By Melinda Liu and Sudip Mazumdar
Newsweek International

Aug. 20-27, 2007 issue - Earlier this year, students would show up for class each day at the Jalpaiguri Engineering College in West Bengal—and find no teachers. The Department of Electronics, Computer Science and Information Technology had just one full-time teacher (it's supposed to have 20). Finally, in May, the students—who faced impending exams despite having had no instruction—went into the streets to protest. Eventually, the government announced it would enlist teachers from other schools. But that proved easier said than done: when administrators went looking for recruits at one of India's oldest educational institutions, the Bengal Engineering and Science University (BESU) in Kolkata, they found that it couldn't spare any teachers—it didn't have enough of its own.

Wait a second: this isn't what the picture is supposed to look like. For years, pundits and the press have been warning that the millions of engineers and scientists India and China produce each year would soon challenge the United States' technical superiority. Just a few months ago, the London-based think tank Demos warned in a report that "the center of gravity of innovation has started moving from the West to the East," and that China could become a "scientific superpower" by 2050. Indeed, the raw numbers are impressive. China cranked out more than 600,000 engineers in 2005 alone, and India produces nearly 500,000 technical grads annually.

But these stats only tell half the story. Many of the graduates can't find work, and corporate recruiters in both countries lament a dearth of qualified applicants. "Out of the huge number of engineering and science graduates that India produces, only 25 to 30 percent can be regarded as suitable," says Kiran Karnik, head of the National Association of Software and Services Companies. The reason? Underfunding and a range of other factors have produced serious educational crises in India and China. These problems could soon wreak havoc on their economies. To sustain their breakneck growth, the countries will need lots of high-quality engineers and scientists. Yet neither have enough reliable universities to produce them. M.A. Pai, who taught at the prestigious Indian Institute of Technology in Kanpur, warns that the "lack of highly trained people at the Ph.D. level in both sciences and engineering will be a serious setback to India becoming a knowledge economy."

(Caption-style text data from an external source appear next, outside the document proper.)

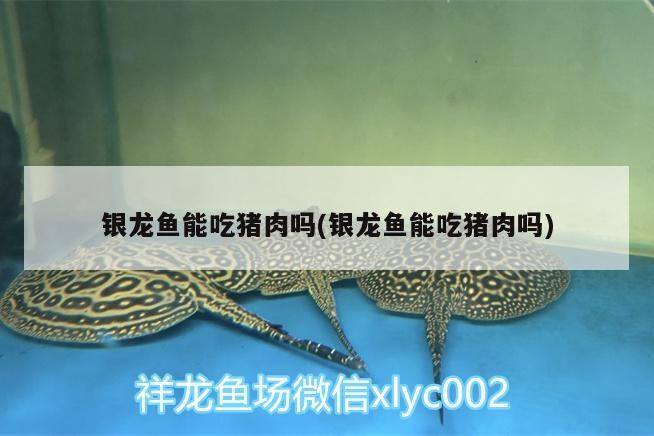 銀龍魚能吃豬肉嗎(銀龍魚能吃豬肉嗎)
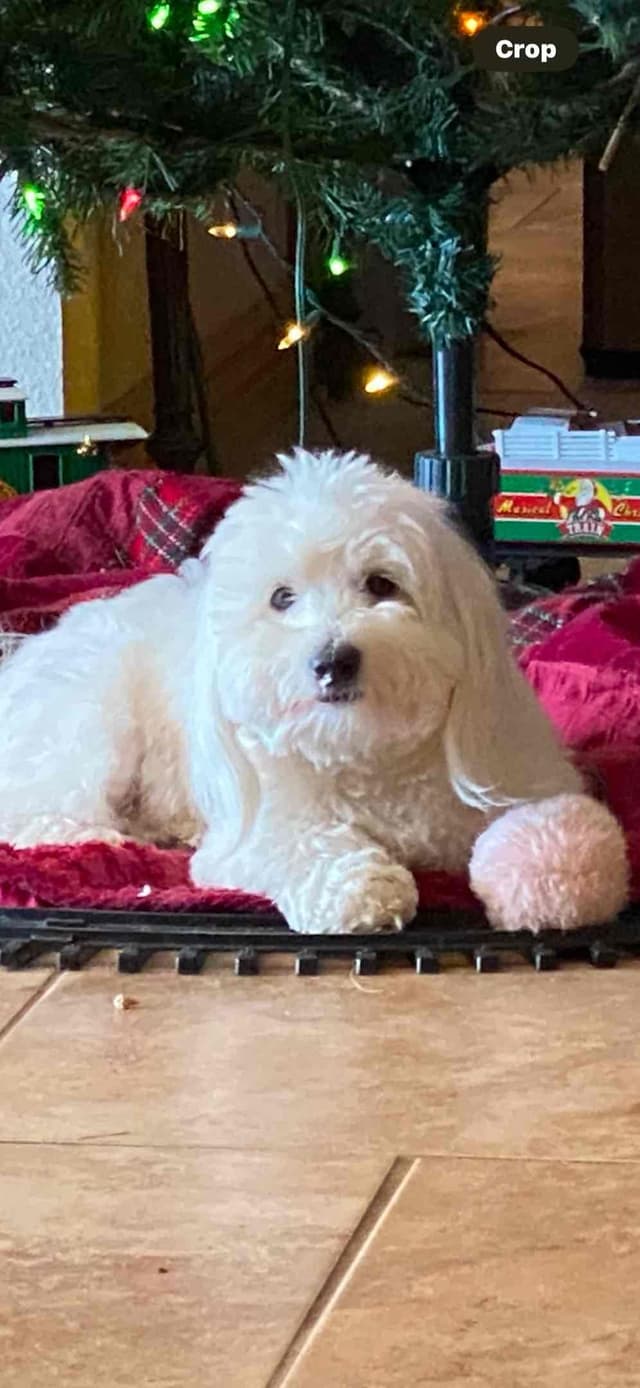 Coton de Tulear Puppies media 7
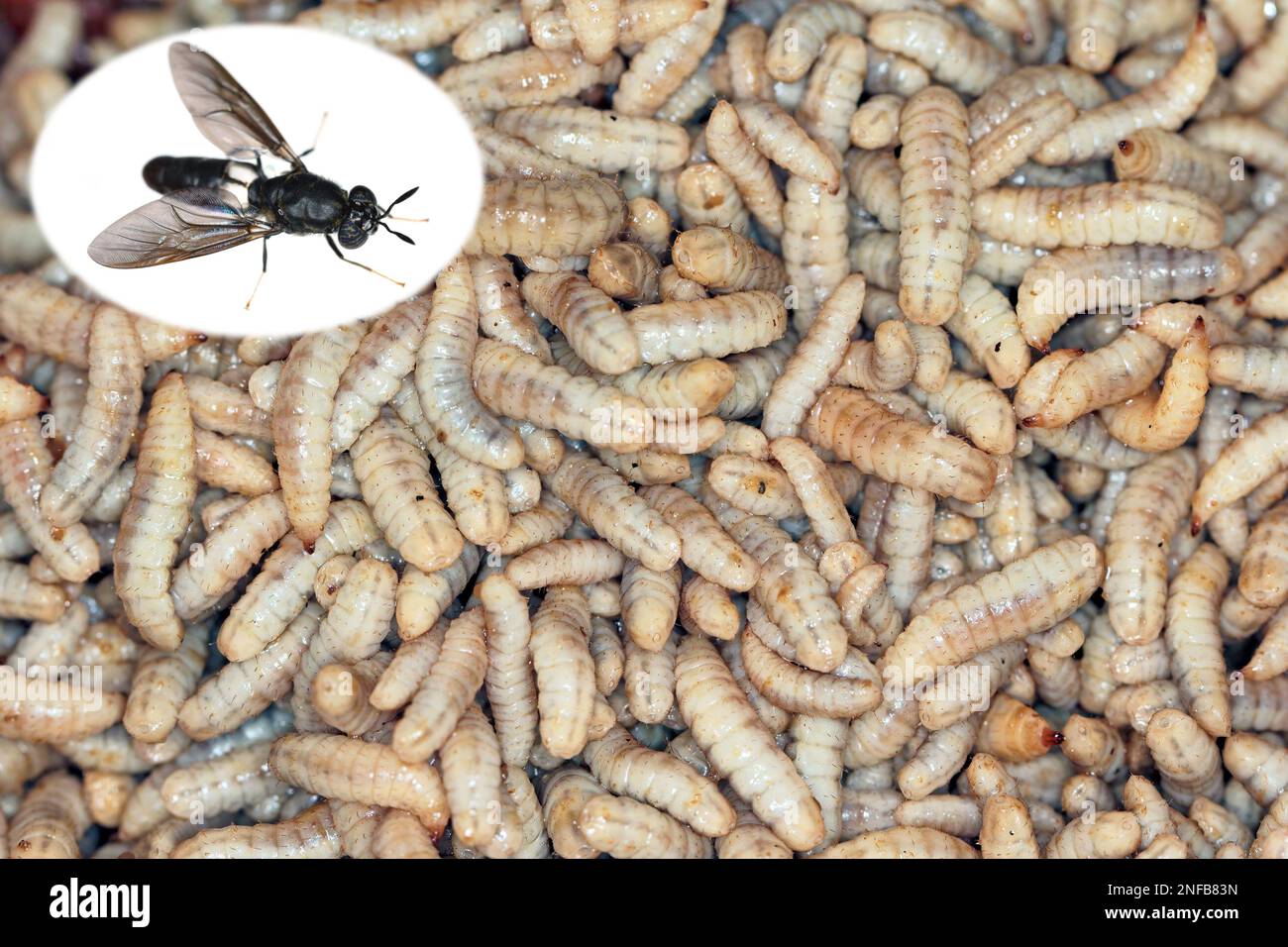 Hermetia illucens, le soldat noir vole. Les larves et les mouches adultes. Insectes comestibles comme produit alimentaire rempli de protéines et de nutrition. Banque D'Images
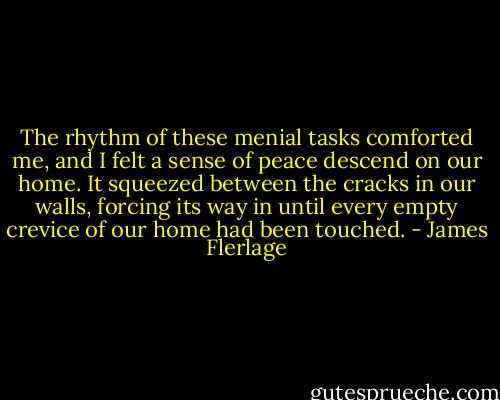 The rhythm of these menial tasks comforted me, and I felt a sense of peace descend on our home. It squeezed between the cracks in our walls, forcing its way in until every empty crevice of our home had been touched. - James Flerlage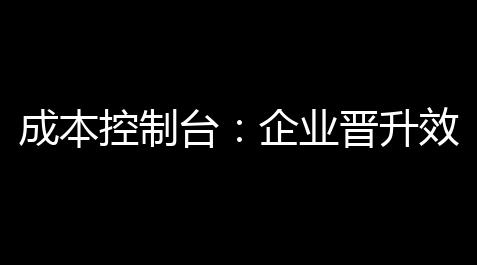 成本控制台：企业晋升效率，下滑风险的秘密武器_苹果11玩和平精英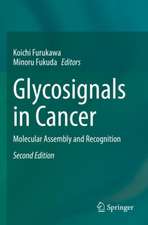 Glycosignals in Cancer: Molecular Assembly and Recognition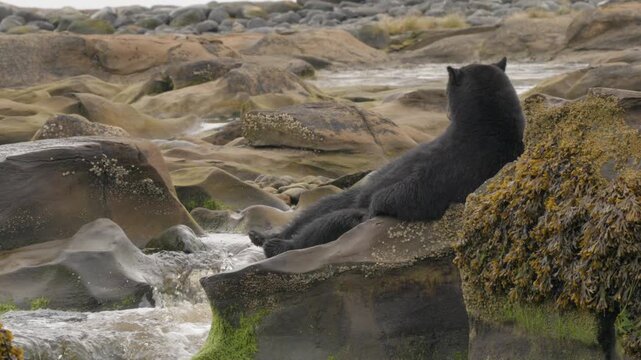 Funny Black bear sitting like it's lounging in a chair on a rock by a river, sitting rocking it's leg.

For China, the problem can (at least in part) be traced back to the Cultural Revolution, when ultraradical Maoists paralyzed universities. Many students and instructors were shipped off to farms—if they didn't wind up in "re-education" camps. Higher education started to rebound in the 1980s, and in the 1990s Beijing launched an ambitious program to expand college enrollment. But in the process, standards slipped. "Once you get in, it's [too] easy to graduate," says Prof. Mao Shoulong of Renmin University.

Experts also complain that Chinese schools emphasize rote memorization, which often "detracts from the quality of education," says Mao, who believe China's system fails to teach practical applications or to instill creativity. "That's why students in the United States might not have good marks in class but can produce effective missile technology, while students in China enjoy good marks in class but might not be able to make sufficiently good missiles," he says.

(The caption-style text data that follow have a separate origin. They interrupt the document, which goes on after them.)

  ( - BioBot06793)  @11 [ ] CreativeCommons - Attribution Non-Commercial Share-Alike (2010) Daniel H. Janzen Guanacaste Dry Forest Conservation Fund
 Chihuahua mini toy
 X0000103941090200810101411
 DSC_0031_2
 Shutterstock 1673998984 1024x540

Chinese universities also face another common problem: poor funding. Many schools must now support themselves largely on tuitions. "This makes some of them lower their enrollment standards," says Prof. Chu Shulong of Tsinghua University. And the model just doesn't bring in enough cash. At U.S. universities, tuitions run into the tens of thousands. "But in China it might be one twelfth as much," says Mao. Thus while many U.S. students enjoy comfortable dorms, students in China have to share cramped and poorly maintained facilities. Many colleges are also short on equipment, labs and classrooms.

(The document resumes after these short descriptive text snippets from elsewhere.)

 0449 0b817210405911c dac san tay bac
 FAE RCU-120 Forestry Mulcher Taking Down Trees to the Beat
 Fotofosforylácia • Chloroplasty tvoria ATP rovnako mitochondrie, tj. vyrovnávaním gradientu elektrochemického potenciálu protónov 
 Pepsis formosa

India faces similar deficits. Pay for university teachers is pitiably low (it starts at about $400 a month), especially compared with what they could make in the private sector (more than $10,000 a month). As a result, says Madhusudan Datta, an economist at Kalyani University, "talent gets soaked up by lucrative offers from industry." To make matters worse, India's educational establishment (like China's) is far too rigid. A recent example from BESU is revealing. A few years ago, science teachers there began keeping their labs open around the clock so enthusiastic pupils could drop in at any hour. Their students responded in droves and a more relaxed atmosphere began to prevail, with students sometimes showing up in shorts—a common sight in the West but comparatively rare here. After several years of this experiment, however, the administration abruptly ordered labs to return to their normal schedule and mandated that students must wear trousers, shirts and shoes on campus. "It seemed as if the dress code was more important than rigors of study," says Biplab Kumar Sikdar, an assistant professor of computer science.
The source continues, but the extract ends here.